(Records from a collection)
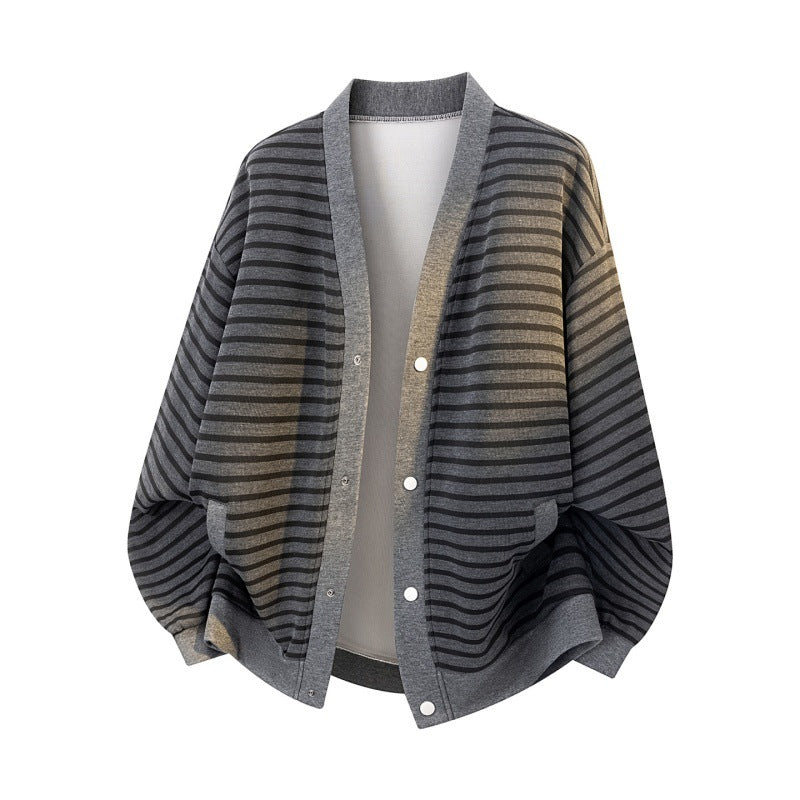 Damen Oversize-Streifencardigan mit Druckknopfleiste, Eingrifftaschen & Raglanärmeln Echoarchiv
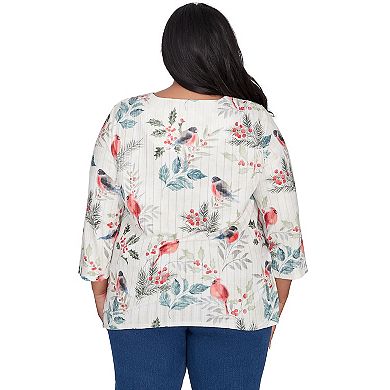 Plus Size Alfred Dunner Crew Neck Birds & Holly Leaf Top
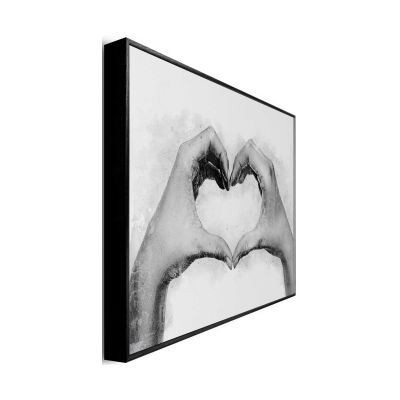 Seitliche Schrägansicht des Wandbilds „Love Sign“, 20 × 30 cm; Profil, Kante und Tiefe des Bildes sind erkennbar.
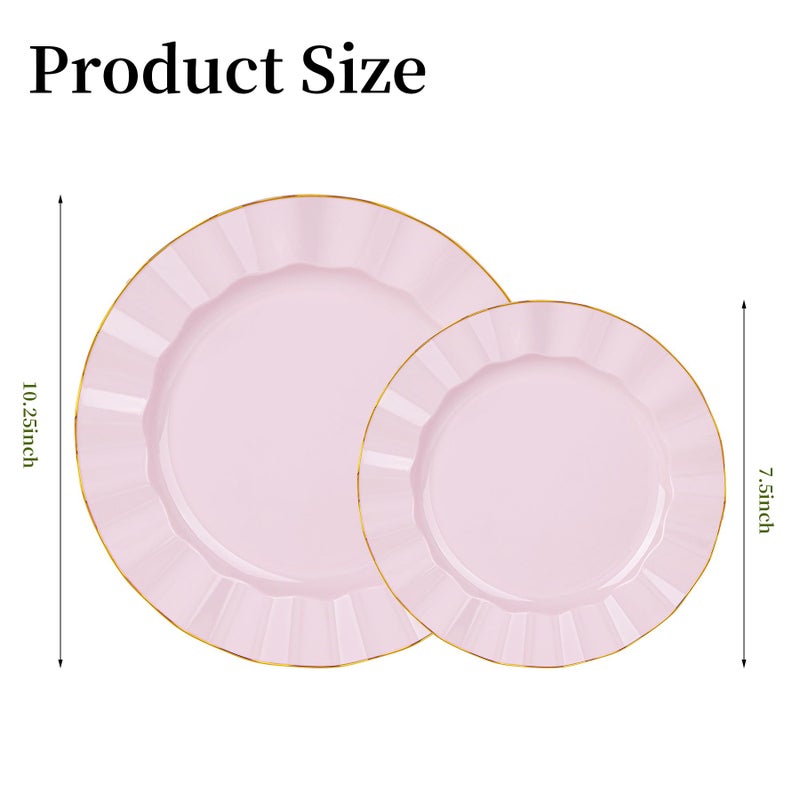 QualQuot 120PCS Pink Plastic Plates, Heavy Duty Disposable Party Plates with Gold Rim, Fancy 60 Dinner & 60 Dessert Plates for Parties and Wedding - Image 2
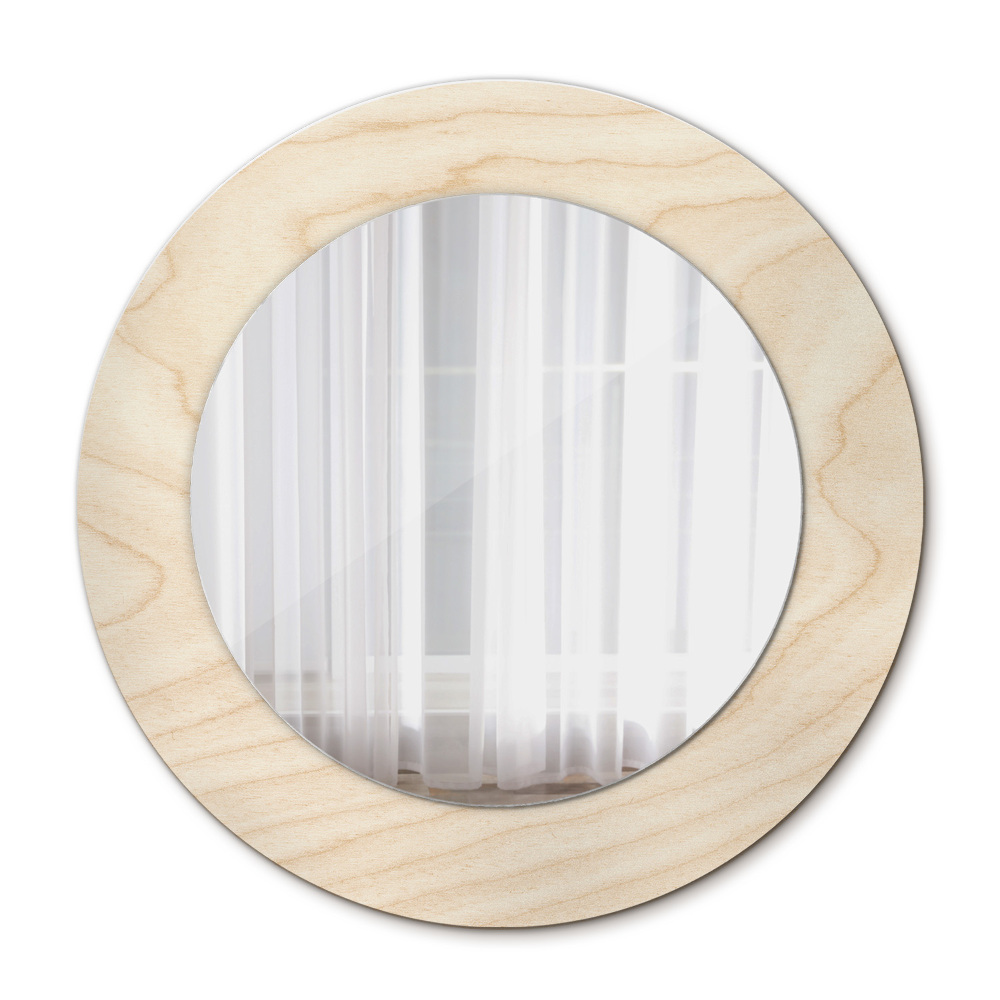 Round printed mirror Wood texture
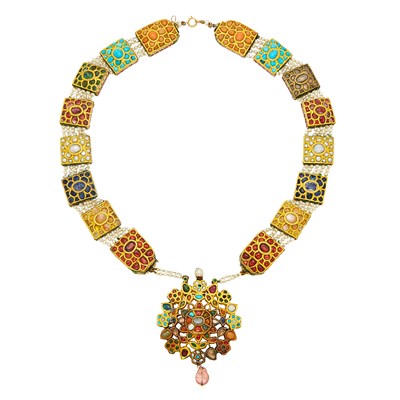 Lot 1158 - Indian Gold, Freshwater Seed Pearl, Colored Stone and Jaipur Enamel Panel Pendant-Necklace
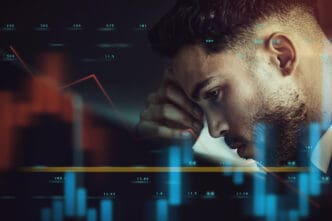 A concerned investor contemplates a falling stock market chart in a composite, stylized image showing financial risk.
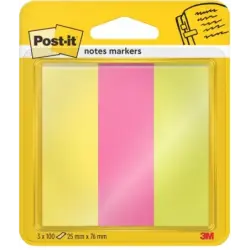 Post-It Pack de 3 Blocs de 100 Marcadores Reposicionables - Forma Rectangular - Colores Surtidos | Ahorro Imprimiendo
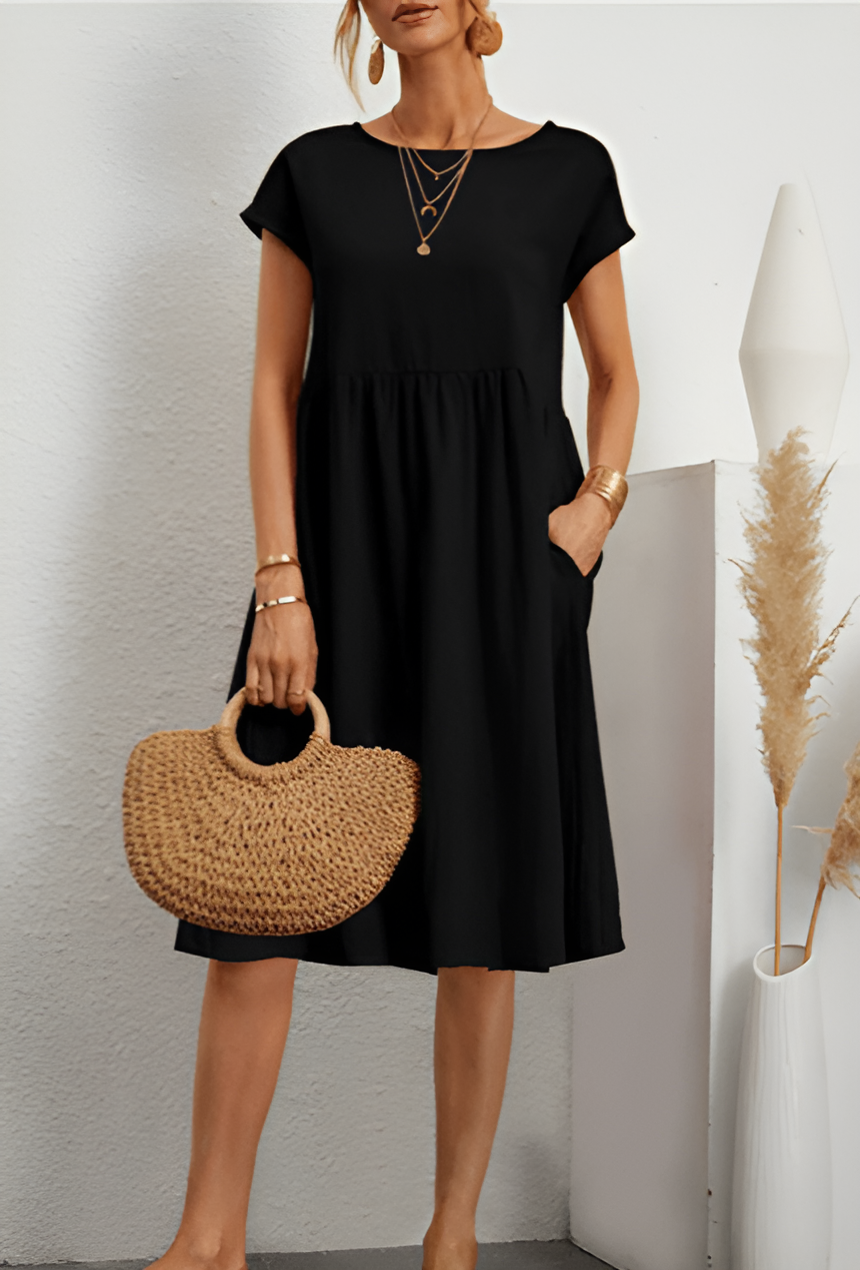 Damen Baumwoll Leinen Midi Kleid
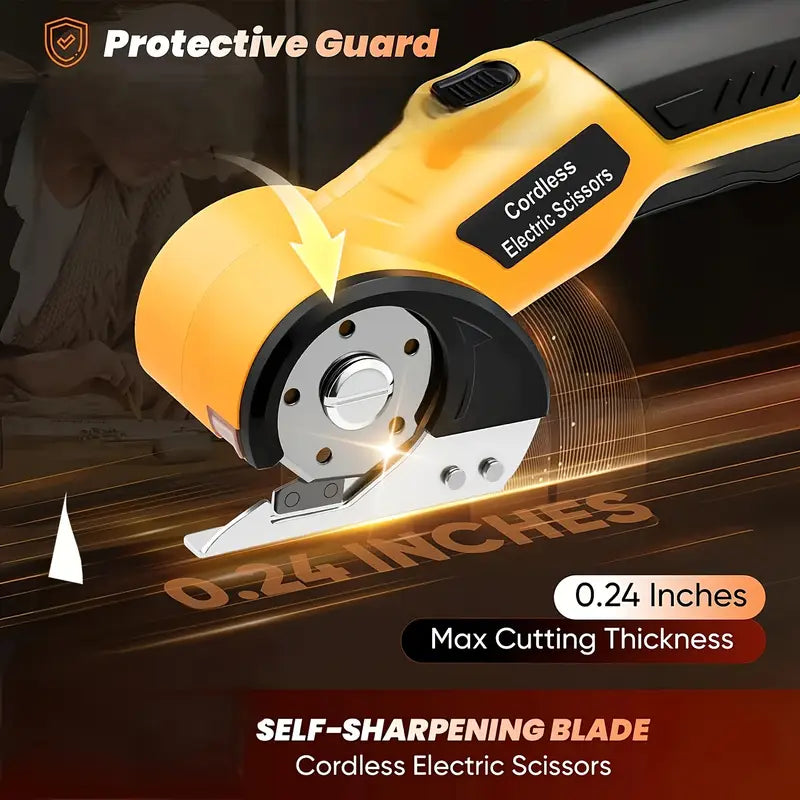 Cordless Electric Scissors - Rechargeable Fabric Cutter for Carpet, Leather, Cardboard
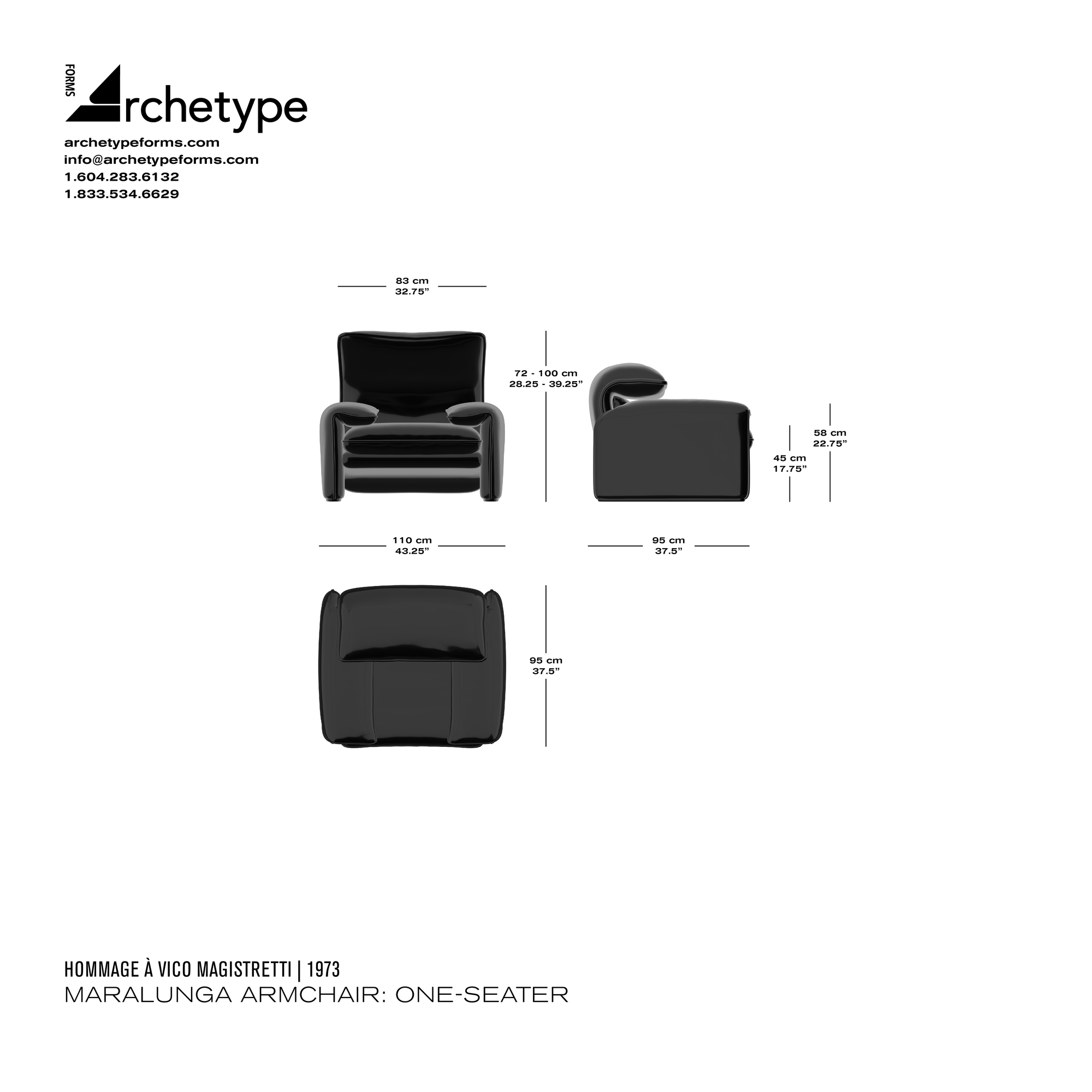 Dimensions diagram in cm and inches of the Archetype Forms Maralunga Armchair: One-Seater, a reproduction of the Vico Magistretti Maralunga Armchair Model 675 5 A1, also known as Model 675 5 A1 Maralunga Poltrona Lounge Chair by Hommage À Vico Magistretti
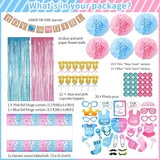 124 Pcs Gender Reveal Decorations Kit Party Supplies With 36''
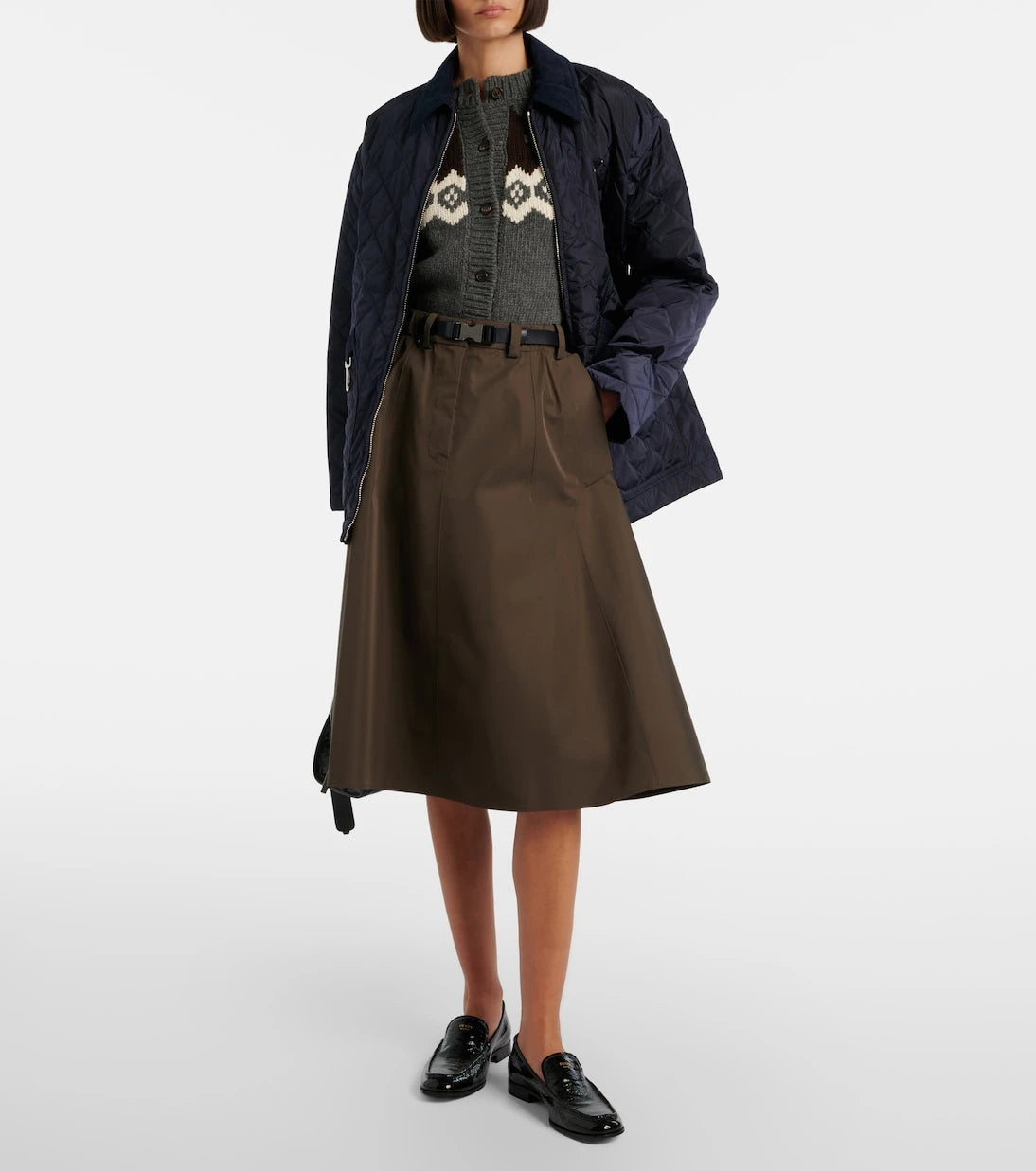 Prada - Belted midi skirt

Problem: The answer is the lines above from the one with "Cordless Electric Scissors" to the one with "Dimensions diagram in", set down exactly, with no pictures.

Exercise response:
 Cordless Electric Scissors - Rechargeable Fabric Cutter for Carpet, Leather, Cardboard
 Dimensions diagram in cm and inches of the Archetype Forms Maralunga Armchair: One-Seater, a reproduction of the Vico Magistretti Maralunga Armchair Model 675 5 A1, also known as Model 675 5 A1 Maralunga Poltrona Lounge Chair by Hommage À Vico Magistretti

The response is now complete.